The 3,200 mile trip took the provincial teams from Rocky Mountain House, a town 80 kilometers west of Red Deer, Alberta, to Montreal in time for the Expo '67. The trip lasted 104 days.

Green and the surviving members of the team that paddled from Alberta to Montreal in 1967 will meet New Brunswick Lt.-Gov. Jocelyne Roy-Vienneauhe today in Fredericton.

The canoe is now part of the Central New Brunswick Woodsmen's Museum collection in Boiestown.

He said the Centennial team's mostly forgotten story and the canoe should be on display somewhere else.

Green later clarified to CBC News that he wished the historic canoe would have been part of the Canada 150 celebrations and on display in Fredericton this summer as a way to tell a nearly forgotten tale of Canadian perseverance.

"It's a shame government didn't bring that down and have it on display at government house for the year or something," said Green. "It's such a wonderful canoe. It's a great Canadian story."

"That's what I couldn't understand," said Green, who is from Hayesville, almost 80 kilometres north of the capital. "The province of New Brunswick, with that canoe — this is my opinion — they should have that canoe on display right from early spring on.

"They should have it set up somewhere in Fredericton, where people can see and take pictures."

He said younger generations won't know about the canoe race, which was supposed to celebrate the early explorers of Canada, so he wants to tell the story of New Brunswick's part in it.

How it started

That year, he said, an ad was placed in local newspapers, asking for people to be a part of the New Brunswick canoe team.

"There was a lot of people, mostly university guys and young people that applied," he said. "I found this in the paper, so I decided,  and another guy from the Miramichi, Bill McKay, we would take part."

Green and McKay didn't do so well their first tryout. In fact, they placed last.

But Green was determined to be a part of the New Brunswick team, so he visited the organizer, who told him: "We're having another tryout, and it's going to be all-day and if you can pass the test then you're welcome to come and try out."

"So he added my name to the list. But I came over, and I would say there were about 65 for the last tryout, and before the day was over, there was only 29 left," he said.

Green was one of the 29.

Now the time had come to pick the team. Each competitor had to pick eight other men and seat alternates. Green said he was named by every other paddler, so he made the team of eight.

"Now, we'll pick the captains," he said. "They asked if I would be assistant captain. I love competing. I love racing."

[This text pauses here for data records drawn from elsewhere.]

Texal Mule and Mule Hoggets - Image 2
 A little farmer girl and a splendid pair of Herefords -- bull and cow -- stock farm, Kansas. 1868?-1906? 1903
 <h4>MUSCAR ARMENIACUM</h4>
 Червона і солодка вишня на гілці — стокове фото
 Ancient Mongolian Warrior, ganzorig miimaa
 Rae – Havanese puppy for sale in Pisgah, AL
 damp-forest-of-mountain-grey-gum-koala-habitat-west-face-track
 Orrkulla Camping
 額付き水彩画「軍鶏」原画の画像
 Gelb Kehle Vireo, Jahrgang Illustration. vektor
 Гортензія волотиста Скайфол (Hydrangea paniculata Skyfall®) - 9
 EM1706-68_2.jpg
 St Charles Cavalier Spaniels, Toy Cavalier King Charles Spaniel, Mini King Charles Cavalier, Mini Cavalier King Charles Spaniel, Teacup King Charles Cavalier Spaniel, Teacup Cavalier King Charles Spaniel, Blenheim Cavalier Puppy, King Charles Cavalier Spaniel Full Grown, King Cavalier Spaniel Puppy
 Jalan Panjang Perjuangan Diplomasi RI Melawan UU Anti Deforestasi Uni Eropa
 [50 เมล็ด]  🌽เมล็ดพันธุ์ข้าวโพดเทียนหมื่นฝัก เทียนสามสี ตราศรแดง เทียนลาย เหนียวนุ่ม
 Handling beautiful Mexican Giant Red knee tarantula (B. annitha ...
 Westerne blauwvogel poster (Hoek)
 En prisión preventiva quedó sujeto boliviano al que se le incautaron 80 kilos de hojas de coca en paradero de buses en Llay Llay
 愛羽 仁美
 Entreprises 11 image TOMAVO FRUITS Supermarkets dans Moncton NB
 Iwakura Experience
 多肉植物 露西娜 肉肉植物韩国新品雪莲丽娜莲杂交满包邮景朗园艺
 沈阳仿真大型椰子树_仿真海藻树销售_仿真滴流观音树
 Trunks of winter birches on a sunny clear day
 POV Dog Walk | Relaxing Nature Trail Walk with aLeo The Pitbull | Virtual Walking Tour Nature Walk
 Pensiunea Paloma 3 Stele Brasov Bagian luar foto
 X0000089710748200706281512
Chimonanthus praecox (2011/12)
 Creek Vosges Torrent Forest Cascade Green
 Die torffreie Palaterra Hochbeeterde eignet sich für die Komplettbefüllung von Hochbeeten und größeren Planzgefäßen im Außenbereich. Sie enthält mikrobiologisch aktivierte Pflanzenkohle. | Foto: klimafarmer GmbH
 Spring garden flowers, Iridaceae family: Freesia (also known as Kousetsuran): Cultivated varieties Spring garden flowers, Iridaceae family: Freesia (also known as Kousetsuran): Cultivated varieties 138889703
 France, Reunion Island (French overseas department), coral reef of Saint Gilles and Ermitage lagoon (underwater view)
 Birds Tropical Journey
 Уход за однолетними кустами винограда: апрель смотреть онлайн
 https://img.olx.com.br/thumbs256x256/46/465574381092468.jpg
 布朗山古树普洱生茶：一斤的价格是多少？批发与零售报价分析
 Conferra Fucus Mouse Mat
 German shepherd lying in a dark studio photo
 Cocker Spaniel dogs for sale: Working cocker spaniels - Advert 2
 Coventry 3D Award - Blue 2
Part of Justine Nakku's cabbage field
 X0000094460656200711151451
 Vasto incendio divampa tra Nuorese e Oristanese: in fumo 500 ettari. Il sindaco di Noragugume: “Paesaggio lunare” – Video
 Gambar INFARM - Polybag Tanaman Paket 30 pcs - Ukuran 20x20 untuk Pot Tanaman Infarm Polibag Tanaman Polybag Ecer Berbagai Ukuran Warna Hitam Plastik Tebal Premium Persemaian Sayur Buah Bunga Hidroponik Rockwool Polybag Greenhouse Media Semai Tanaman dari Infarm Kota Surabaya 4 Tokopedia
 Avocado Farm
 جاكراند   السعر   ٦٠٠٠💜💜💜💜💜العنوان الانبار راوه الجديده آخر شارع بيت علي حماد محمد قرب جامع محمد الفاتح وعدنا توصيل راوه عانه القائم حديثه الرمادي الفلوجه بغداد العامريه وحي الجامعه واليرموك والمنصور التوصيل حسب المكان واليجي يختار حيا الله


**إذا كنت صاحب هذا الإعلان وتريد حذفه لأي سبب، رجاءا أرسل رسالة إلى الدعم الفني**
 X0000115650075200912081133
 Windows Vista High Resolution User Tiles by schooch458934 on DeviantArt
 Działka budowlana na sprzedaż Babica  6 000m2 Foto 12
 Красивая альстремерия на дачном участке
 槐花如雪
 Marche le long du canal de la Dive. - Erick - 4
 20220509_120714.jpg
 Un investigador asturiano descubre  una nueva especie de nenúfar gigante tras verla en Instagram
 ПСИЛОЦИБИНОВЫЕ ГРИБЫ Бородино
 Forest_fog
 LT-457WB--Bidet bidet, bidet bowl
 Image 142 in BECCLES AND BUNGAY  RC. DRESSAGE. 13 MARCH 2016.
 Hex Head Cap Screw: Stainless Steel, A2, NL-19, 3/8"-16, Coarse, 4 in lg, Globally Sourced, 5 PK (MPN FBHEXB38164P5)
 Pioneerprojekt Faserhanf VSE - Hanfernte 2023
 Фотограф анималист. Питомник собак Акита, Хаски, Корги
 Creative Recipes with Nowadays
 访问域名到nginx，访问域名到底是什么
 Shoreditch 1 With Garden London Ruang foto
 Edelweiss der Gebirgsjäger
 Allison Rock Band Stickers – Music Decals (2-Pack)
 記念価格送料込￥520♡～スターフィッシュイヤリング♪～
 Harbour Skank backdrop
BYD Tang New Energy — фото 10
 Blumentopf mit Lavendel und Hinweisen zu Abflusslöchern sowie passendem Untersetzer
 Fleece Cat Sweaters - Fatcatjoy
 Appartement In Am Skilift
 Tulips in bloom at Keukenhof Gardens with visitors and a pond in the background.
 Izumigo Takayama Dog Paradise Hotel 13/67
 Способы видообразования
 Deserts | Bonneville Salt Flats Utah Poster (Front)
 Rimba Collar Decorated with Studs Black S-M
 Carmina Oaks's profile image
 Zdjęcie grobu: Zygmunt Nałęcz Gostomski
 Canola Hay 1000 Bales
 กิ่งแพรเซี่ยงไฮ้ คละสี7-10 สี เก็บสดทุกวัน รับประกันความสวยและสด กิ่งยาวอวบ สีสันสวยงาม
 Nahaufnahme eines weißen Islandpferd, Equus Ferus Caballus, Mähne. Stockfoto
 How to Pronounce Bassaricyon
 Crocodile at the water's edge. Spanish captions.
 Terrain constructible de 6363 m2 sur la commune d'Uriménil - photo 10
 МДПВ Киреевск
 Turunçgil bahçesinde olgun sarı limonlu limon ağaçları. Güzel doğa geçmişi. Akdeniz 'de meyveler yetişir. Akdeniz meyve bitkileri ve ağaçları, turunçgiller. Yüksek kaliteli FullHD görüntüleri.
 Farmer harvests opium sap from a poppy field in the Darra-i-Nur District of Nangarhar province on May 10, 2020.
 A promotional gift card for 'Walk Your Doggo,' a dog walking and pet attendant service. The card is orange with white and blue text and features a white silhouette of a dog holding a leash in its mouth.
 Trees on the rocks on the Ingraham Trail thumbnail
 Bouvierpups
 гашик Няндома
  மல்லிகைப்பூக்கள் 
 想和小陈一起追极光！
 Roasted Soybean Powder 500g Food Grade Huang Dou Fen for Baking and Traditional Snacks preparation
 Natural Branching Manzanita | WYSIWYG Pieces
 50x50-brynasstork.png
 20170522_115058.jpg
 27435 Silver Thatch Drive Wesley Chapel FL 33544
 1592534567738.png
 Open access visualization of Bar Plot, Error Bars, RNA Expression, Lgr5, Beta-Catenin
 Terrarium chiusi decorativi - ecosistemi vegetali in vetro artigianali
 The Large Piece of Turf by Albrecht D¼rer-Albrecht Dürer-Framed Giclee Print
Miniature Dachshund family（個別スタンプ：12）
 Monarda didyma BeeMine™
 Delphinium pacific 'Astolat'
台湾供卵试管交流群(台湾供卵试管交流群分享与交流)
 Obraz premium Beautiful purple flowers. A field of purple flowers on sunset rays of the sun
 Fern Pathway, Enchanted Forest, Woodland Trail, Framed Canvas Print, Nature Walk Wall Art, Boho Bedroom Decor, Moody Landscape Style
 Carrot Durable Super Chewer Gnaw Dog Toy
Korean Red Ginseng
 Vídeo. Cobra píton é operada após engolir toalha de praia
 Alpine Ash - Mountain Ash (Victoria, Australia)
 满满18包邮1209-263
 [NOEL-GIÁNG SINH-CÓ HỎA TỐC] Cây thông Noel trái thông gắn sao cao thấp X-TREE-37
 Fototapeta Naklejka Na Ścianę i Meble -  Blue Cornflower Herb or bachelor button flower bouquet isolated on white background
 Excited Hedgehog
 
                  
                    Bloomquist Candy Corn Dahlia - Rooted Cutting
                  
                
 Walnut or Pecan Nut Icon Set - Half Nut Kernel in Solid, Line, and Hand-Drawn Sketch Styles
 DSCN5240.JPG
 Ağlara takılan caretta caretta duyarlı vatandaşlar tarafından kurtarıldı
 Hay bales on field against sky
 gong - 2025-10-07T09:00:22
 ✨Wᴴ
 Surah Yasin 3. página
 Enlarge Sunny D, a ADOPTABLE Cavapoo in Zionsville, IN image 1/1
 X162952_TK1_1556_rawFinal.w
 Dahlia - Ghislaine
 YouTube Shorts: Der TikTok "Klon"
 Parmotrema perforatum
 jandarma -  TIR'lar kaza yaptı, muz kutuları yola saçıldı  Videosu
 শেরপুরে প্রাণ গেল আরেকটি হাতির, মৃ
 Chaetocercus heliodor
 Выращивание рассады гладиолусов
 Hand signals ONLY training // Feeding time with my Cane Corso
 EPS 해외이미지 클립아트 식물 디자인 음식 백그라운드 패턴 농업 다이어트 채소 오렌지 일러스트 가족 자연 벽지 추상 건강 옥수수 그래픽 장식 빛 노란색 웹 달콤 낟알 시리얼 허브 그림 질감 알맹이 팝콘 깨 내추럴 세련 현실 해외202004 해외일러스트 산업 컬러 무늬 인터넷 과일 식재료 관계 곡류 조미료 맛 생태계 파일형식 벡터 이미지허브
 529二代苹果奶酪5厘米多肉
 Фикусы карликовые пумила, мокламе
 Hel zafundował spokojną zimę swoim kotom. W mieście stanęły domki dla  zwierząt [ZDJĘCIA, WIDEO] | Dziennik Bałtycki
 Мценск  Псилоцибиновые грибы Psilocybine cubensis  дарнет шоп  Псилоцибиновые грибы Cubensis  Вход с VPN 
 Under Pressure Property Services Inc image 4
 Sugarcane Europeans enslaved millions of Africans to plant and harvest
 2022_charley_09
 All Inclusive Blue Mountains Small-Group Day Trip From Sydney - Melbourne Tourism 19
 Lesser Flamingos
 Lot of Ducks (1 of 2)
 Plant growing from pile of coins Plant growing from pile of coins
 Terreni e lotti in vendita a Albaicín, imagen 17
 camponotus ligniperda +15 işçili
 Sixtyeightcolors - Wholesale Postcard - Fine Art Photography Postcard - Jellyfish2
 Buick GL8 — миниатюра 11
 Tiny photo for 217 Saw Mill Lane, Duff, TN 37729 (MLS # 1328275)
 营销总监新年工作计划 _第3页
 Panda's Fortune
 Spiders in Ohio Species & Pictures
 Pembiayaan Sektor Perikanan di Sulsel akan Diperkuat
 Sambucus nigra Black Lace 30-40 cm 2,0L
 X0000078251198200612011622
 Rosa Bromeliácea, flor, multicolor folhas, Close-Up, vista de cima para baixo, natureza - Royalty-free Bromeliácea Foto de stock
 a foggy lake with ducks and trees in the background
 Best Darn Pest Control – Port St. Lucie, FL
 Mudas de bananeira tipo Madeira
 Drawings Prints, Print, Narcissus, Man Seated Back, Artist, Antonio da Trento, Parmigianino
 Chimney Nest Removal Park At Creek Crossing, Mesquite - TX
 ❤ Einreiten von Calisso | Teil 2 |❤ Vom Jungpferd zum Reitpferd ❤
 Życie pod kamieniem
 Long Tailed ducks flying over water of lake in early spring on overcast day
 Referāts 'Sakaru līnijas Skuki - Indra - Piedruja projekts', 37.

But this wasn't Green's first attempt at canoe racing.

"Before that, Bill McKay and I were in a race from Doaktown to Blackville," he said.

"We was up against the Brophys from Blackville, which was champion. They had a canoe made by Chestnut for racing, and we just had an ordinary canoe made by Chestnut but not for racing, and we beat them and we beat them badly."

Green was the assistant captain and was often found at the stern of the canoe.

"I was in that boat every day except for five of them," he said. "And really, a lot of those days was because the water was so rough in some of the big lakes that you couldn't paddle in it. It wasn't safe."

At 33 years old, he said, he was paddling 60 strokes a minute. There was no room for error.

Manitoba won, but the long journey ended well for the New Brunswick team as well.

"We ended up in fifth place," Green said. "We beat out two professional teams. We beat out Saskatchewan and Quebec."

Boiestown home

Shaped from fibreglass, the 25 feet long canoe is the flagship of the boat collection at the Boiestown woodsmen's museum.

The museum even constructed a boathouse to house the vessel when it first arrived on permanent loan from the New Brunswick Museum in 2013, said Beatrice Price, Executive Director of the Woodman's Museum.

"It is important for us to have it here because we are a history museum," she said. "We preserve not only our local, but also our provincial history and we like to keep it close to Mervin.

"It's an amazing piece of history. And it's gorgeous and a real big part of our Boistown history."

Green, who grew up in the area, added that he's happy the canoe has a home.

"Years ago they had it in a shed in Saint John," he said. "Then a boat group brought it out to the headpond near Fredericton, and they didn't treat it right."

He said the canoe filled up with water and then it just sat around until the museum found it and fixed it up.

"And they did a beautiful job restoring it," he said. "It still has most of it's original paint."